Start of RECORDS SHOWN
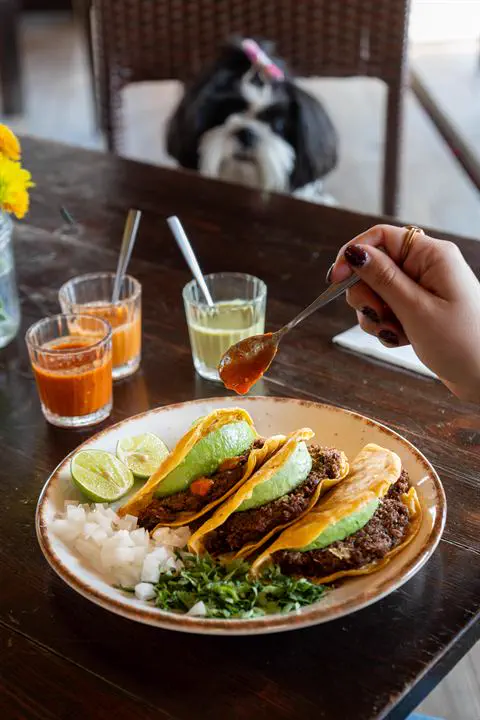 Tacos y aguas frescas en la terraza, con el perro de la casa al fondo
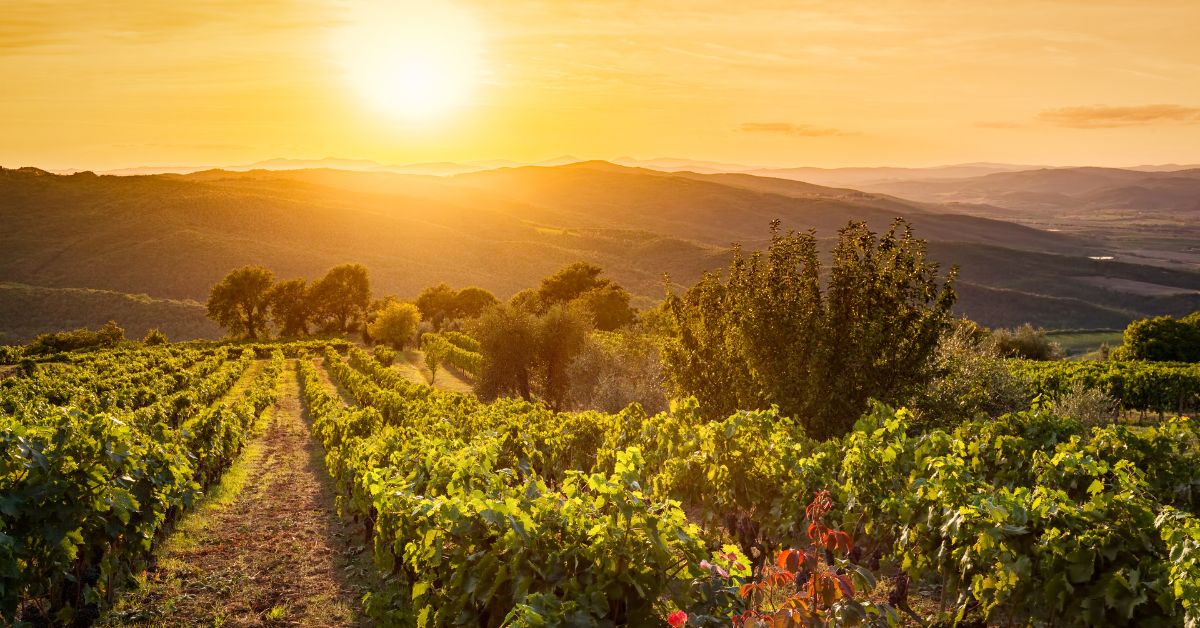 Tuscany Vineyard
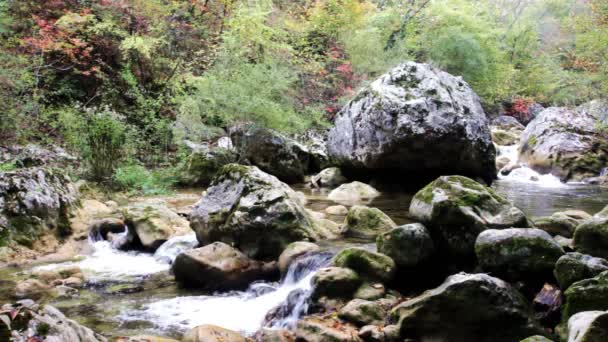Petites cascades dans un bois paisible — Video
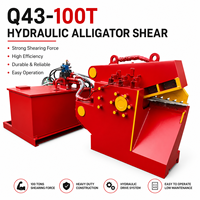 Vente directe usine Q43-100T Cisaille hydraulique automatique à moteur pour la transformation des ferrailles de laiton/cuivre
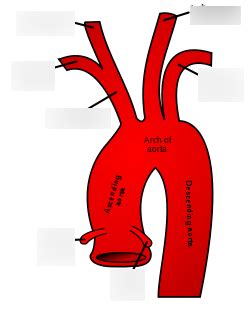 Aortic Arch Diagram Quizlet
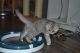 American Bobtail Cats for sale in Orlando, FL, USA. price: $900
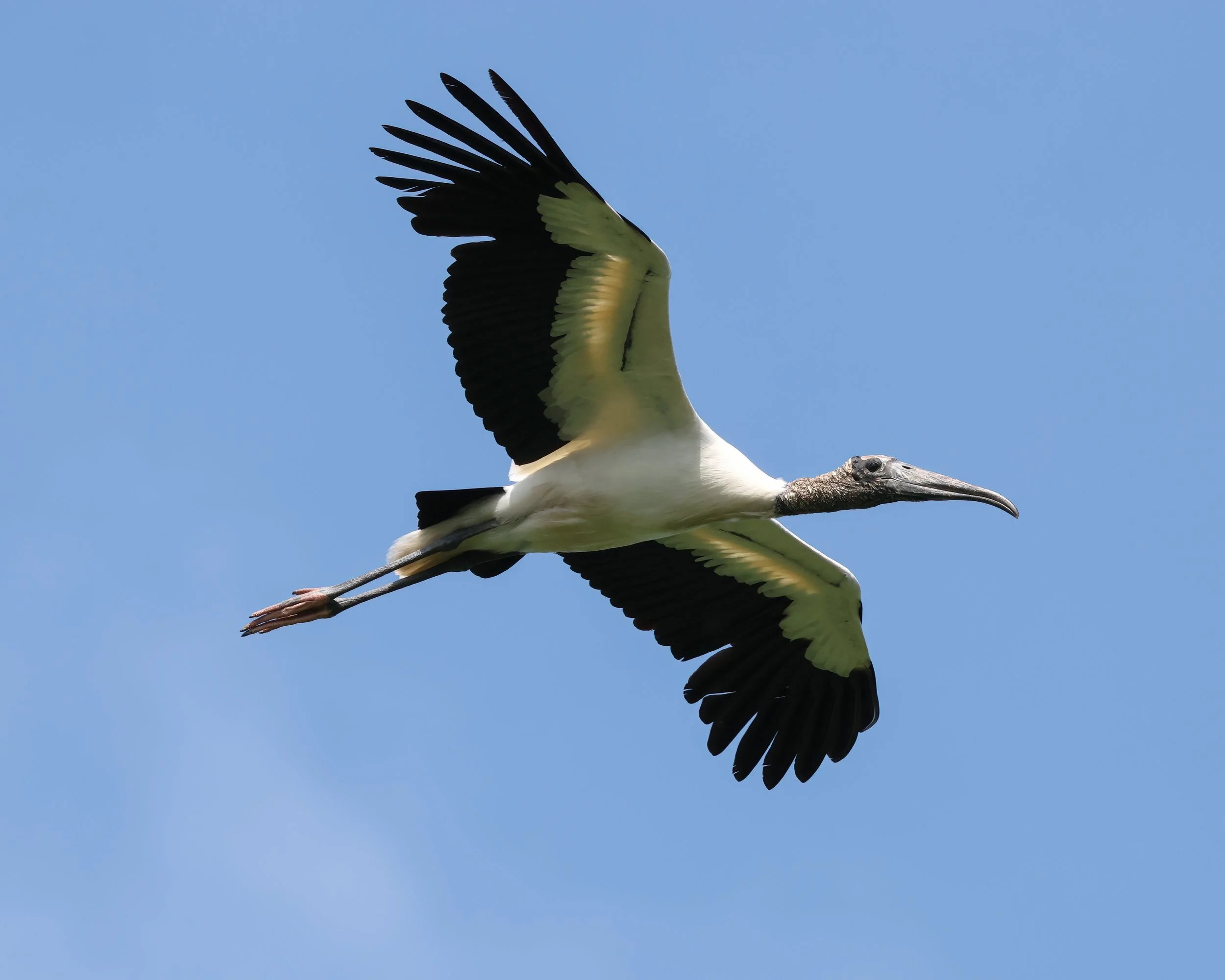 Soaring Thermal — Wood Stork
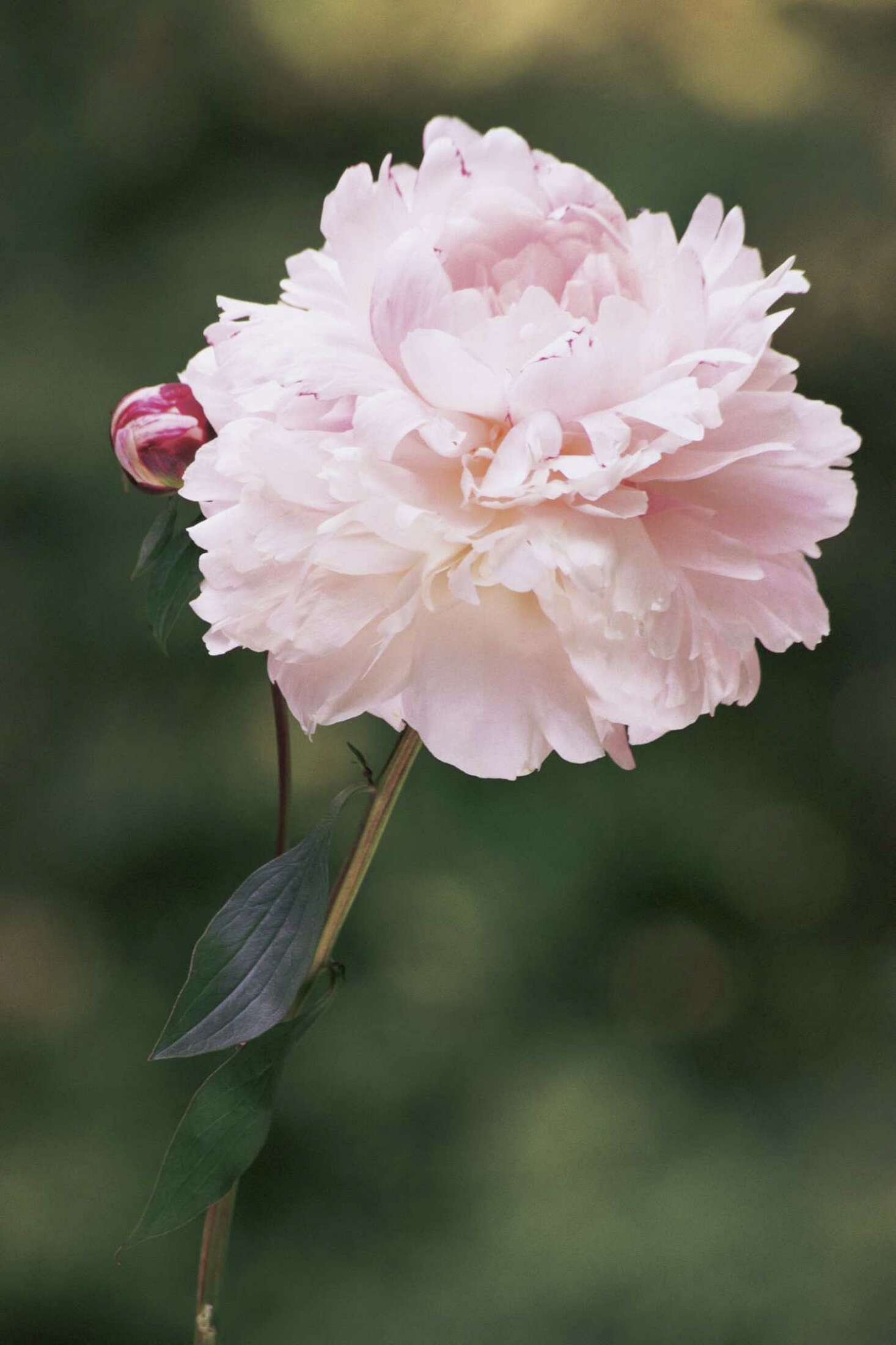 How to Dig Up Peony Plants to Move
End of RECORDS SHOWN
ABOUT THIS TASK:
Give each record above back word for word, but carry over none of the pictures.

REPLY:
 Tacos y aguas frescas en la terraza, con el perro de la casa al fondo
 Tuscany Vineyard
Petites cascades dans un bois paisible — Video
 Vente directe usine Q43-100T Cisaille hydraulique automatique à moteur pour la transformation des ferrailles de laiton/cuivre
 Aortic Arch Diagram Quizlet
 American Bobtail Cats for sale in Orlando, FL, USA. price: $900
 Soaring Thermal — Wood Stork
 How to Dig Up Peony Plants to Move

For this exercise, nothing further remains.